TORONTO, ONTARIO -- (Marketwire) -- 03/19/13 -- Alamos Gold Inc. (TSX: AGI)(NYSE: AGI) -
All amounts in US dollars, unless stated otherwise
Alamos Gold Inc. ("Alamos" or the "Company") announced today that it will not extend its offer (the "Offer") for Aurizon Mines Ltd. ("Aurizon"), which will expire at 5 p.m. on March 19, 2013. Due to the break fee that would be payable to Hecla, the conditions to the Offer have not been met. As a result, Alamos will not take up any Aurizon shares that are tendered to the Offer.
The British Columbia Securities Commission ("BC Securities Commission") ordered on March 18, 2013 that the second Aurizon poison pill be cease traded immediately. "We are pleased that the BC Securities Commission has removed the second poison pill, which was another improper defensive tactic of the Aurizon board designed to prevent Aurizon shareholders from tendering to the superior offer - the Alamos offer," said John A. McCluskey, President and Chief Executive Officer of Alamos.
Despite the apparent premium implied by Hecla's offer, the 57 million Hecla shares to be issued by Hecla to Aurizon shareholders as consideration in fact makes the Hecla offer inferior to the Alamos offer. Alamos firmly believes that shares in the company resulting from the combination of Alamos and Aurizon would be far more valuable than shares in the heavily indebted company resulting from the combination of Hecla and Aurizon.
Unfortunately, however, the unusual break fee that the Aurizon board has agreed to give Hecla means that, for Alamos, the cost of acquiring Aurizon is now simply too high. "The Aurizon Board, by adopting this unique type of break fee, has foreclosed the opportunity for Aurizon shareholders to tender to Alamos' superior offer," said Mr. McCluskey. "In pursuing our growth objectives, we will not deviate from the fiscal discipline that has made us one of the world's most successful gold companies, and the payment of this break fee in these circumstances would violate that discipline," said John A. McCluskey, President and Chief Executive Officer.
"Alamos has no debt, a robust balance sheet, excellent cash flow, no hedging and an attractive near-term growth profile. We remain committed to our strategy and look forward to pursuing new initiatives that will drive value for our shareholders," said Mr. McCluskey. "Based on the current implied Hecla offer value, Alamos has approximately $480 million in cash and equity investments. We see tremendous value within the industry today, and the future of Alamos continues to be very bright."

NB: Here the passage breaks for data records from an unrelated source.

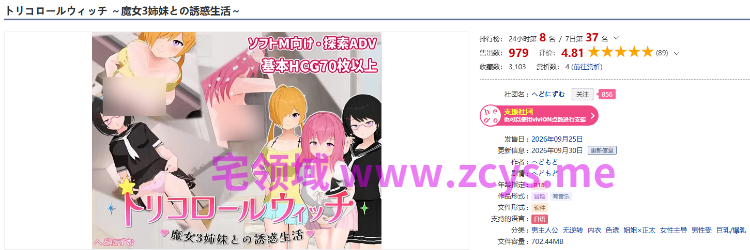【ADV】トリコロールウィッチ ～魔女3姉妹との誘惑生活～Ver1.01 DL版[生肉]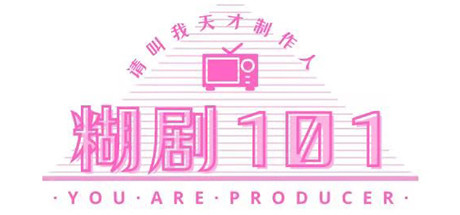 糊剧101（v1.0.0-正式版）-好欧游戏仓库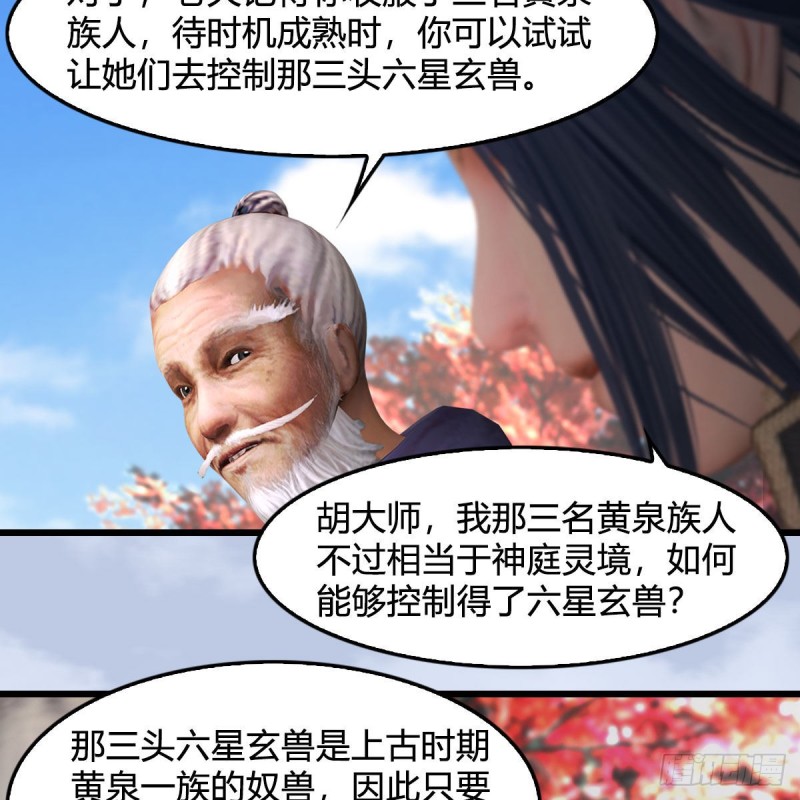 堕玄师 - 第384话：西泽尔现身(1/2) - 2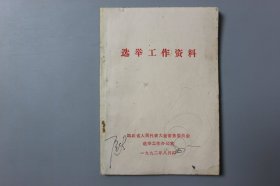 1992年《选举工作资料》      四川省人民代表大会常务委员会选举工作办公室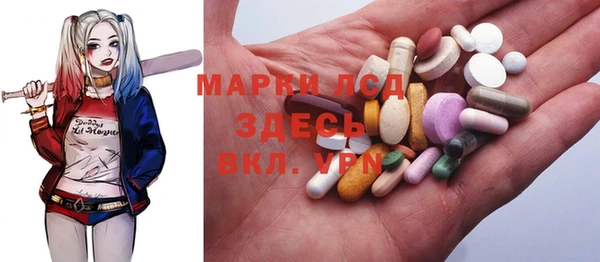 кокаин колумбия Балахна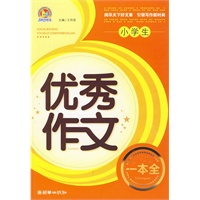 小学生优秀作文一本全——手把手作文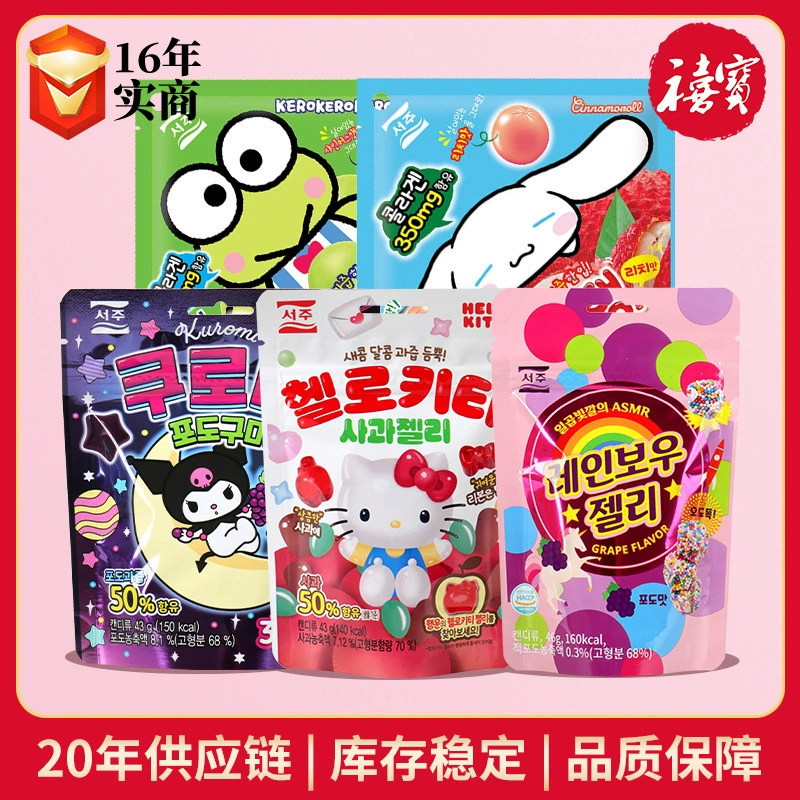 Фруктовые жевательные конфеты Xizhou с персонажами Sanrio, упаковки 40–50 г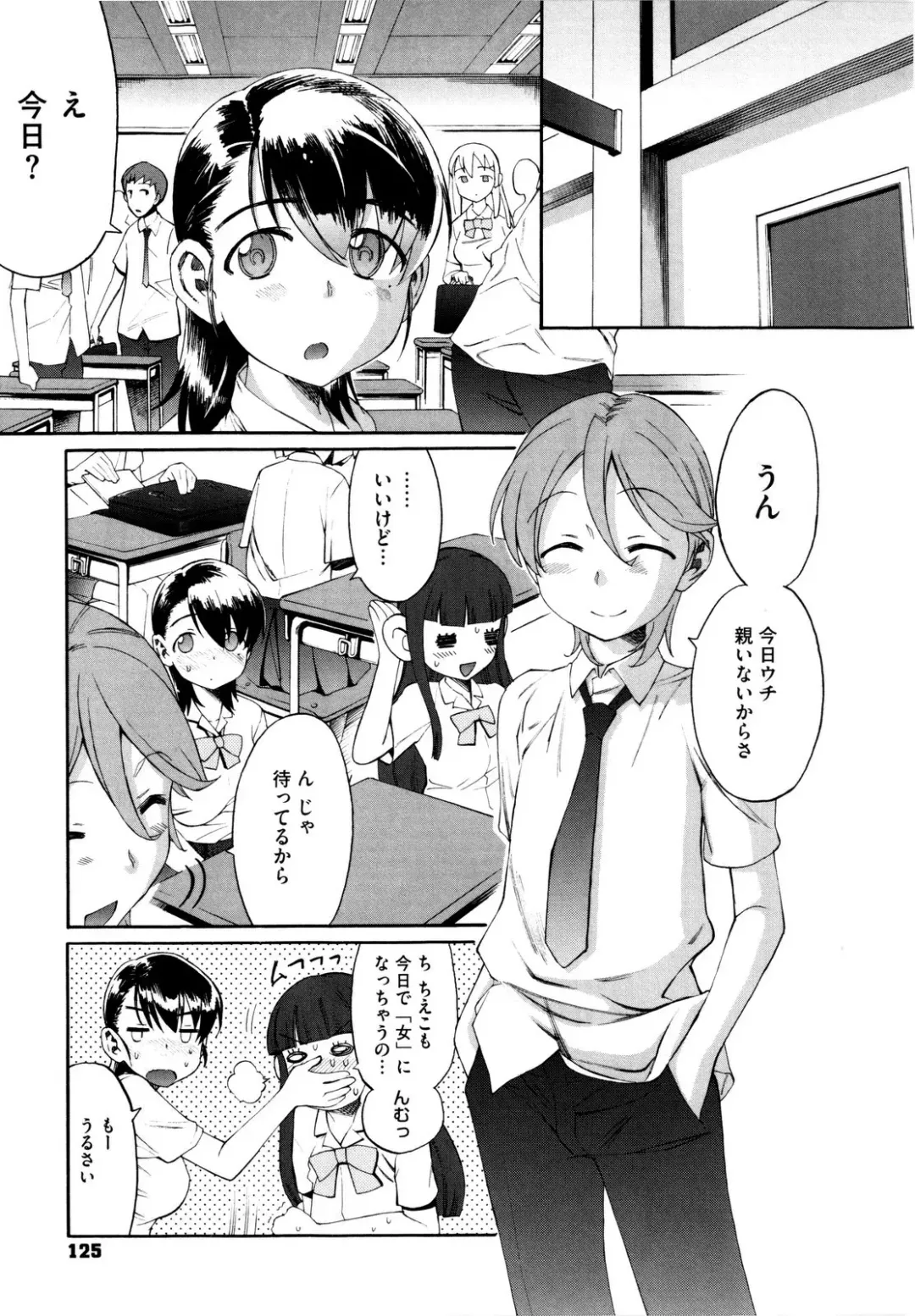 [Wamusato Haru] Shinkon Shimai Fhentai - Page 129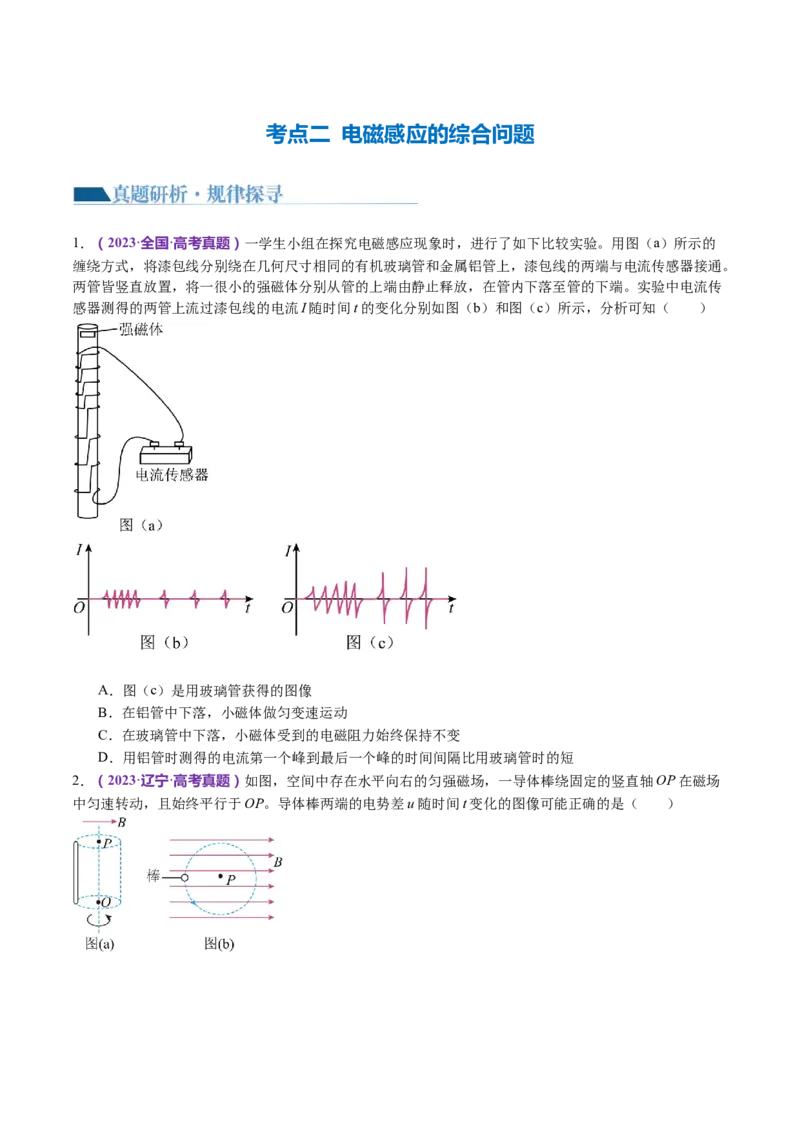 专题13电磁感应（讲义）（原卷版）_4.2025物理总复习_2024年新高考资料_2.2024二轮复习_2024年高考物理二轮复习讲练测（新教材新高考）
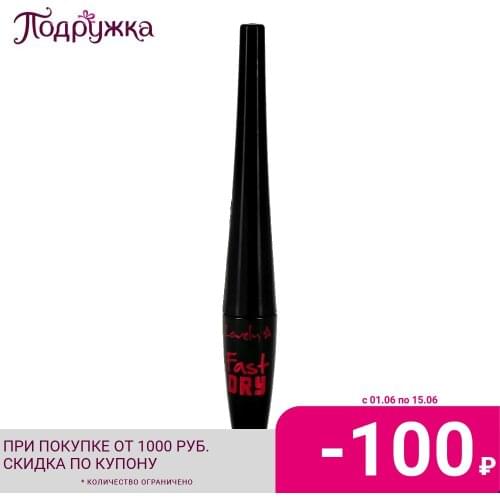 Жидкие подводки для глаз Lovely China At AliExpress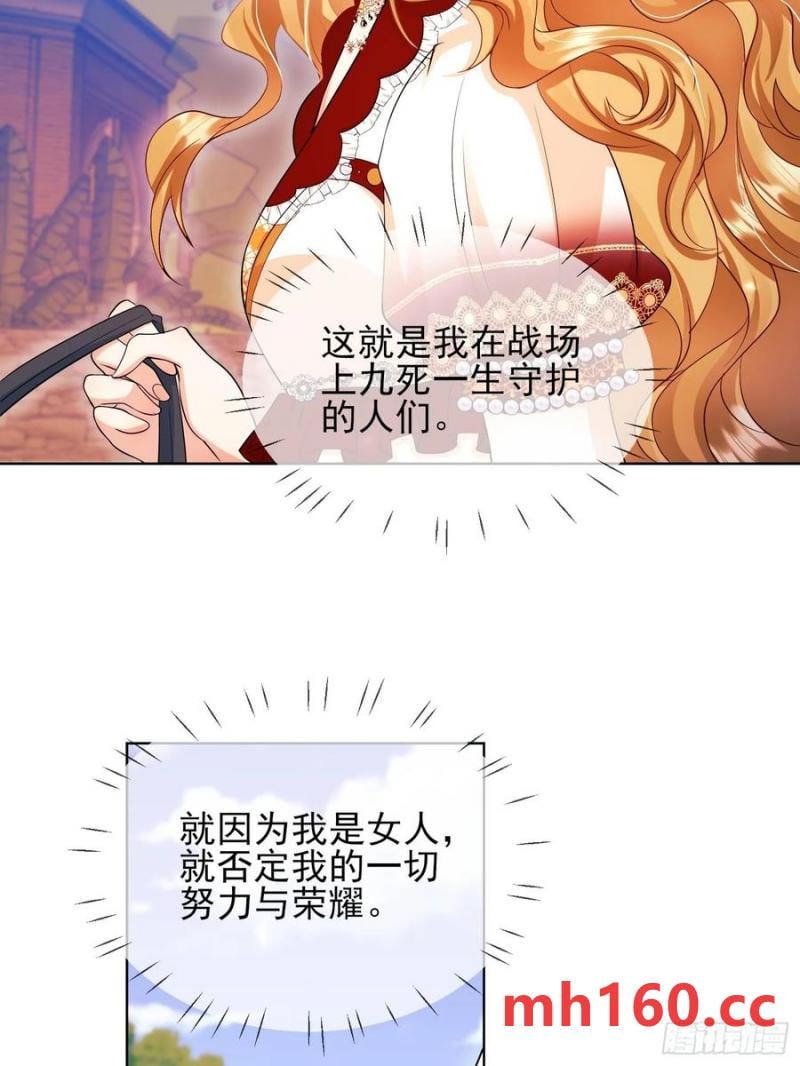 第56话：女皇-第56话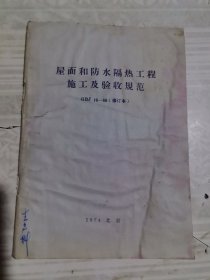 屋面和防水隔热工程施工及验收规范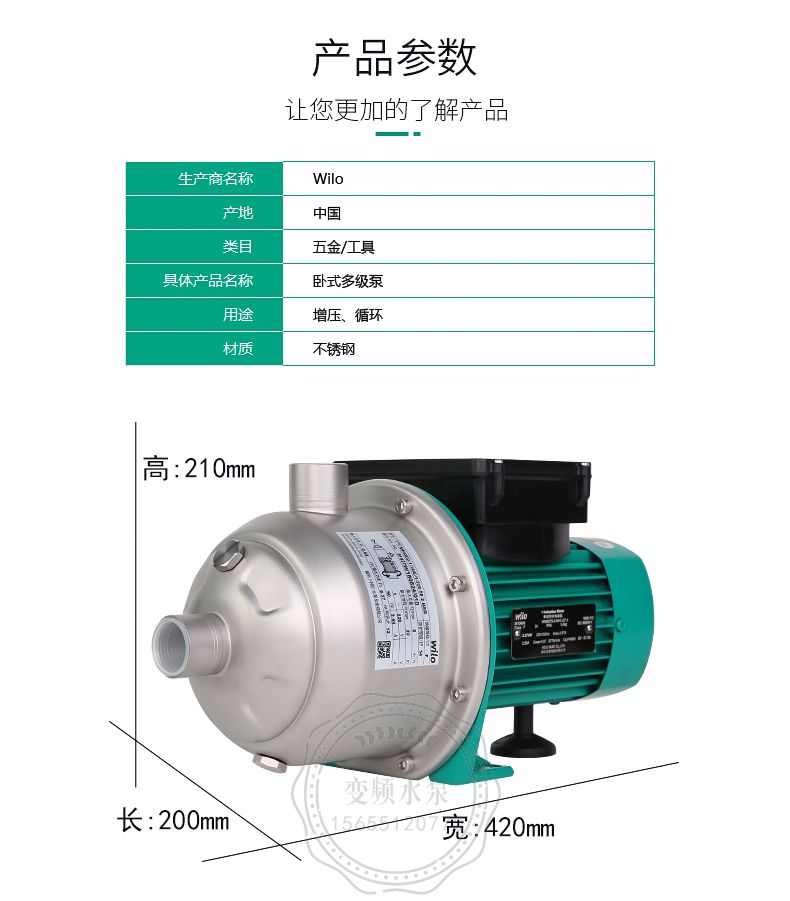 Wilo威乐MHI803卧式不锈钢多级离心泵(图5)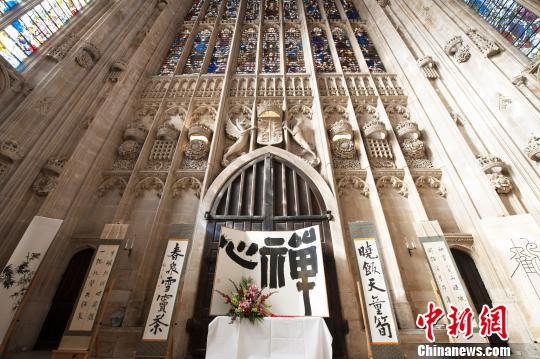 展览现场?！⊥踝俞?摄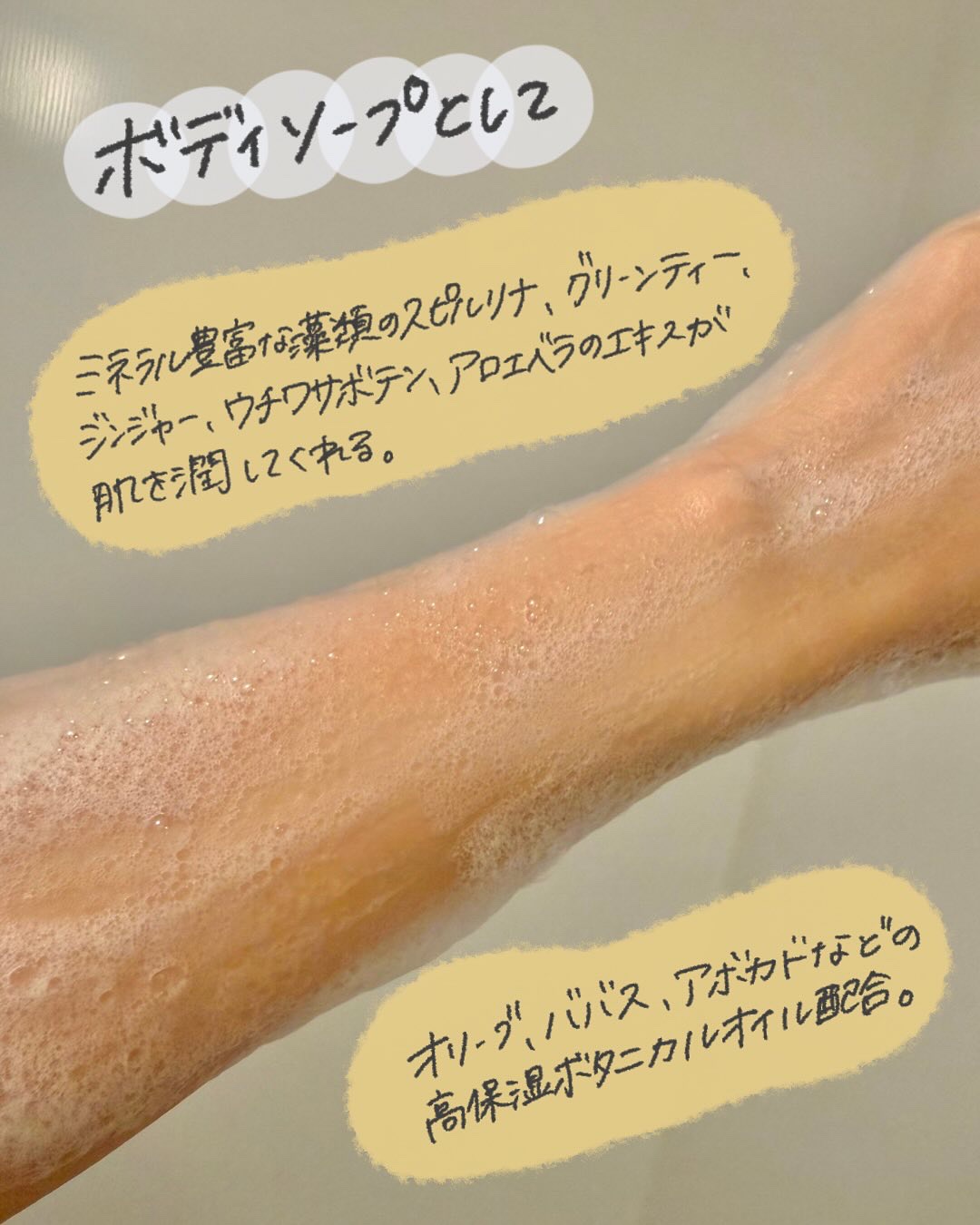 オリーブ＆ババス ボタニカルシャワージェル/Laline/ボディソープを使ったクチコミ（3枚目）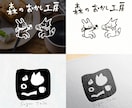 手描きロゴ×ショップカード・名刺セット制作します 開業をオリジナルの手書きロゴとかわいいカードで応援します イメージ6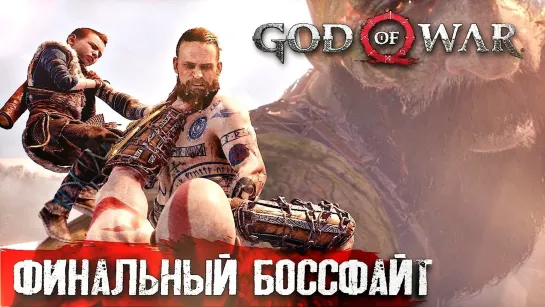 ПОСЛЕДНЯЯ ВОЛЯ . ФИНАЛ #15 ➤ God of War ➤ Максимальная сложность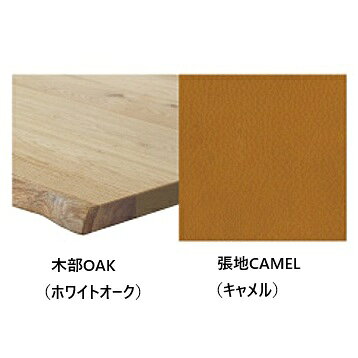 [送料無料] シギヤマ家具製 ビルト2 チェア 木部無垢:OAK(ホワイトオーク)脚:アイアンウレタン塗装座面:本革(キャメル色)2脚単位で販売(ばら売り不可)送料無料(玄関前配送)北海道・沖縄・離島は見積り [2]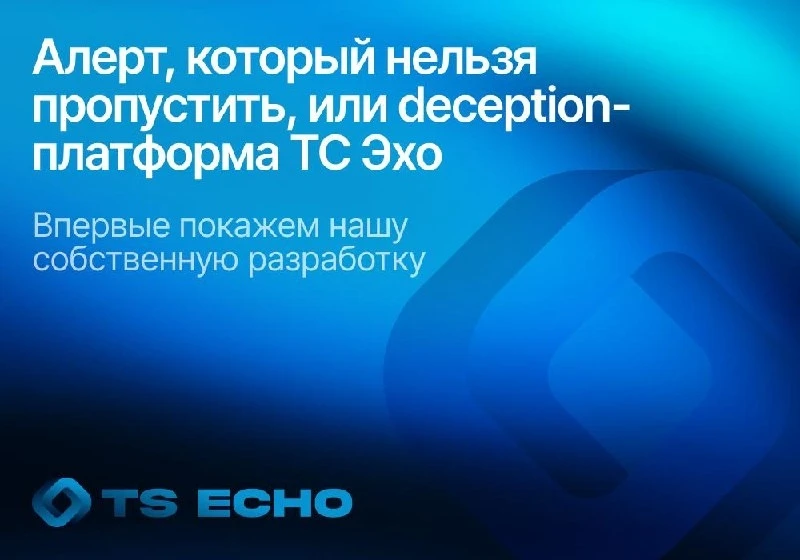 Недавно мы рассказывали про honeypot: ловушки для злоумышленников.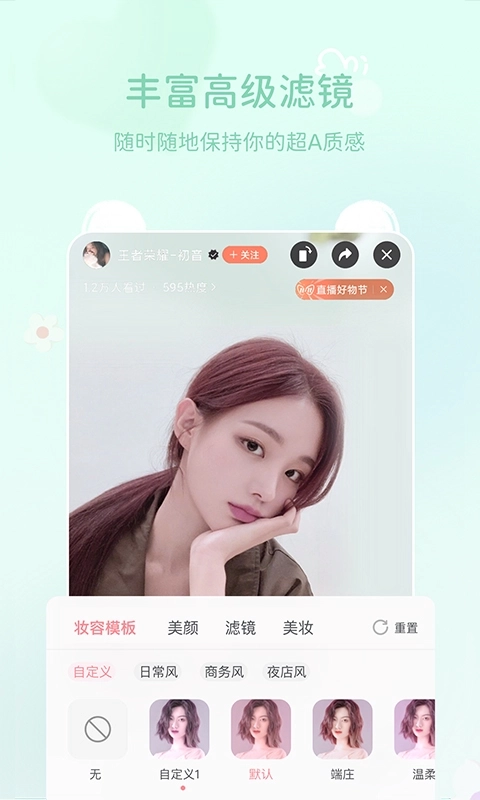 多萌相机  最新版
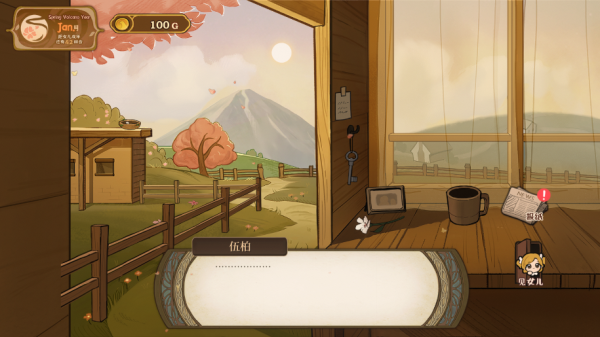 火山的女儿再度重逢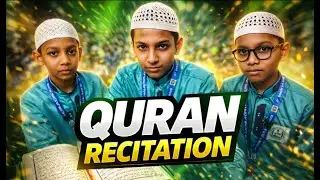 এক ছোট্ট উপস্থাপক, দুজন হাফেজ । কোরআন প্রশ্নোত্তরে চমৎকার উপস্থাপনা!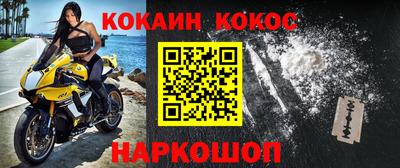 мдма Ликино-Дулёво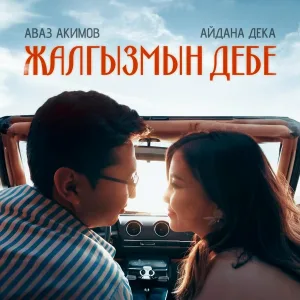Аваз Акимов, Айдана Дека - Жалгызмын дебе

Alamos is an established Canadian-based gold producer that owns and operates the Mulatos Mine in Mexico, and has exploration and development activities in Mexico and Turkey. The Company employs more than 600 people in Mexico and Turkey and is committed to the highest standards of environmental management, social responsibility, and health and safety for its employees and neighbouring communities. As of March 14, 2013, Alamos had 127,455,786 common shares outstanding (132,326,086 shares fully diluted), which are traded on the TSX and NYSE under the symbol "AGI".